INPUT FOR THIS TASK Start Marker

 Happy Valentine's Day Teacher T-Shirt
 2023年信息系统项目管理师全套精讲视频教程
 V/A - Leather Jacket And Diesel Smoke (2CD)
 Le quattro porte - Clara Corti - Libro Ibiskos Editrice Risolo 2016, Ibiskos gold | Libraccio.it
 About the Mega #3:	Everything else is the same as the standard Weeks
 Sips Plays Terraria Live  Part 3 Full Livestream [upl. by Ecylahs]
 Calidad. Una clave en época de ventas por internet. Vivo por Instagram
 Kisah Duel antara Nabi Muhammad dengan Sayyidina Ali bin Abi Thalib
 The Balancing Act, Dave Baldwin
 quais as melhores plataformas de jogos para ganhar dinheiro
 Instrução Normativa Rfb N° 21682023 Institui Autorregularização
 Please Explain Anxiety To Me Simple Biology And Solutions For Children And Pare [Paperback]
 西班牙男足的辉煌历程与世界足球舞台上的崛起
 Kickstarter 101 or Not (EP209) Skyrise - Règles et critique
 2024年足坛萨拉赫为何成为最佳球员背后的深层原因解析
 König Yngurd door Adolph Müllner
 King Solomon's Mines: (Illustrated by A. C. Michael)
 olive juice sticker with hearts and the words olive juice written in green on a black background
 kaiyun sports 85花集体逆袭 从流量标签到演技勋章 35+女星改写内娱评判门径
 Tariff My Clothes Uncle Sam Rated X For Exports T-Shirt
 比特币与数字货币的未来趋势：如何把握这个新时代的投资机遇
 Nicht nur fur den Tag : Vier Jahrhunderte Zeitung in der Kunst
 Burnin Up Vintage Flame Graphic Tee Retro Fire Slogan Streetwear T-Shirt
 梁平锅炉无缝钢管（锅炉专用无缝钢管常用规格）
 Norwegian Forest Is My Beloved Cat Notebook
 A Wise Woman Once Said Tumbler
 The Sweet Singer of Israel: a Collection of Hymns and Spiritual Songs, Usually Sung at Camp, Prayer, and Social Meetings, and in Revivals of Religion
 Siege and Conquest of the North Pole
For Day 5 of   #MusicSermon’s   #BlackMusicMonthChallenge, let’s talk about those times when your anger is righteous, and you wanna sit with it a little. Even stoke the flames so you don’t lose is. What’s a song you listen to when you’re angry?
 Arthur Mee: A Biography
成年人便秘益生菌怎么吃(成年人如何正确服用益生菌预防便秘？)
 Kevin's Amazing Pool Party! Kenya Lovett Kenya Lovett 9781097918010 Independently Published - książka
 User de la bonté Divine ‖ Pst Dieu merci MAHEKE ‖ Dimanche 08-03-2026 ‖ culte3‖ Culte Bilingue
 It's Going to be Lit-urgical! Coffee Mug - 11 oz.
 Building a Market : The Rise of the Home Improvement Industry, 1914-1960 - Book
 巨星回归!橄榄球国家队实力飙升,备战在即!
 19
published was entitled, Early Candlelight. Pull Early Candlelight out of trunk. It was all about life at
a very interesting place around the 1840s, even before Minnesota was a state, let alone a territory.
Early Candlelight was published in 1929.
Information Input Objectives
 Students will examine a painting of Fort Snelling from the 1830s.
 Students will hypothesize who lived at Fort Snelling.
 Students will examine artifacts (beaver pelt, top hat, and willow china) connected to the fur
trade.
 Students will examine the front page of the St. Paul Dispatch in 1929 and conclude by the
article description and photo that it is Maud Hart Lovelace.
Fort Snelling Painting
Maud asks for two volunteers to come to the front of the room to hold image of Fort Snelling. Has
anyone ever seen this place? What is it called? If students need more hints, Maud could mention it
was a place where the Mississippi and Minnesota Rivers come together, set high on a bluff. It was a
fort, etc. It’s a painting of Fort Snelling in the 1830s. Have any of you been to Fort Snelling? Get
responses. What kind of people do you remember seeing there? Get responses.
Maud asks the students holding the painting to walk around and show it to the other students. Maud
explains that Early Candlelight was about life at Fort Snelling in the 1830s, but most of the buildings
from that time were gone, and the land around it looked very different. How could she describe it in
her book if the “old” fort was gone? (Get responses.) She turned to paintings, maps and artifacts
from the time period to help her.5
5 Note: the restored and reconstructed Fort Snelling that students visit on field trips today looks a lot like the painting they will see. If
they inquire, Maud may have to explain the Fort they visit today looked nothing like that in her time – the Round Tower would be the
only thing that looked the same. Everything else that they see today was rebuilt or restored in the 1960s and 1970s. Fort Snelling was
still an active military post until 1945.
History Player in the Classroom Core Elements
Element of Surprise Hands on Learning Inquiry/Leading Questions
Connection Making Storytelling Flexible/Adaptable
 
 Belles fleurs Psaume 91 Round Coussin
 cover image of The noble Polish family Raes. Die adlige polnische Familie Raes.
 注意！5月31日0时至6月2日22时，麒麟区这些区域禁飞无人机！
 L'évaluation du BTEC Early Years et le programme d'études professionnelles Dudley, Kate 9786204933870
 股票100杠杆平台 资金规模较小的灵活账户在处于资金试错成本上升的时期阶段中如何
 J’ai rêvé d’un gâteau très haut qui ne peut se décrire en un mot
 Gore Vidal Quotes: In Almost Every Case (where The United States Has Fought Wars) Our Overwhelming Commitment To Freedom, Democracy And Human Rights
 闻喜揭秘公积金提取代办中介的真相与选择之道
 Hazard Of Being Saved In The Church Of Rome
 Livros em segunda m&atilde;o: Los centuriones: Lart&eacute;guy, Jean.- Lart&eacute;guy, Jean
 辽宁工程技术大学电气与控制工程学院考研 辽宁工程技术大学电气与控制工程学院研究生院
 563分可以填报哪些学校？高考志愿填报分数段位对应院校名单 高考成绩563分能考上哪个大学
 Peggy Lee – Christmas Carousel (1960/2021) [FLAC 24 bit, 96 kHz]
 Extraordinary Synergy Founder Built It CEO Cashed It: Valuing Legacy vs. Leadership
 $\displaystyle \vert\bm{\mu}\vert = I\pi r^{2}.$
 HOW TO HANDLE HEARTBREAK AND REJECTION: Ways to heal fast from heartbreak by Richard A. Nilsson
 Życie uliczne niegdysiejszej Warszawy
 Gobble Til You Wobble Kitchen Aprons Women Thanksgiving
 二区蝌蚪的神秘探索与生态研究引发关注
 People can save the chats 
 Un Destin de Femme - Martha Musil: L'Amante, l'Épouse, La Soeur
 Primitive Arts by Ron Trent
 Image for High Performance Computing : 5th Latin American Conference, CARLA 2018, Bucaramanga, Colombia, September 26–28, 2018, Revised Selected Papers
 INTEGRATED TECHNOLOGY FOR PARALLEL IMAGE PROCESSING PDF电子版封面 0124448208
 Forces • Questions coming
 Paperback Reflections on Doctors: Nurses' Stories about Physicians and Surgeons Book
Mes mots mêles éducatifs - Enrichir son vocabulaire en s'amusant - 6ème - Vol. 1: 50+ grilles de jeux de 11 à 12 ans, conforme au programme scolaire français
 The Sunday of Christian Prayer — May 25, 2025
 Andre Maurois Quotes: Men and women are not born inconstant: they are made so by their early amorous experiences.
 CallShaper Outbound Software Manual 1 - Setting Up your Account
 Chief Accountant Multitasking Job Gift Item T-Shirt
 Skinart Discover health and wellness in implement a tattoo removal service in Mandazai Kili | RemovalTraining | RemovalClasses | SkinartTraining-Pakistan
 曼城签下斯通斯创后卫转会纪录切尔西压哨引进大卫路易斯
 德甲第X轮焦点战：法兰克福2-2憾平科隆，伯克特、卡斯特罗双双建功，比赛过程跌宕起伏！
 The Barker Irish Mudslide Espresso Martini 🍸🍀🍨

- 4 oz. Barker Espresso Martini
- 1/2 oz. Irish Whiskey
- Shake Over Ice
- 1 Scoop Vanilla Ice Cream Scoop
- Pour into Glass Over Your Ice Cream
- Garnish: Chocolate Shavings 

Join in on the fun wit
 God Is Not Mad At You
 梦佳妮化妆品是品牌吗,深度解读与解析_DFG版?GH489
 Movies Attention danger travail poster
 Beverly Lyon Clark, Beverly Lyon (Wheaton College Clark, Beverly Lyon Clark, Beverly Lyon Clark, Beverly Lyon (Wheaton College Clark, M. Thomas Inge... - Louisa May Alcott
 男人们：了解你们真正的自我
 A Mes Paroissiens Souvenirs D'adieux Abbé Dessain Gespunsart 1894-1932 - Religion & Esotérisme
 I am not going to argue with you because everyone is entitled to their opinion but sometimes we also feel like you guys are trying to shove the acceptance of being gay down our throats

INPUT FOR THIS TASK End Marker

TASK DIRECTIONS: Going through the listing above, please work out how many lines contain the word "responses", and give the number alone.

COMPLETED TASK: 2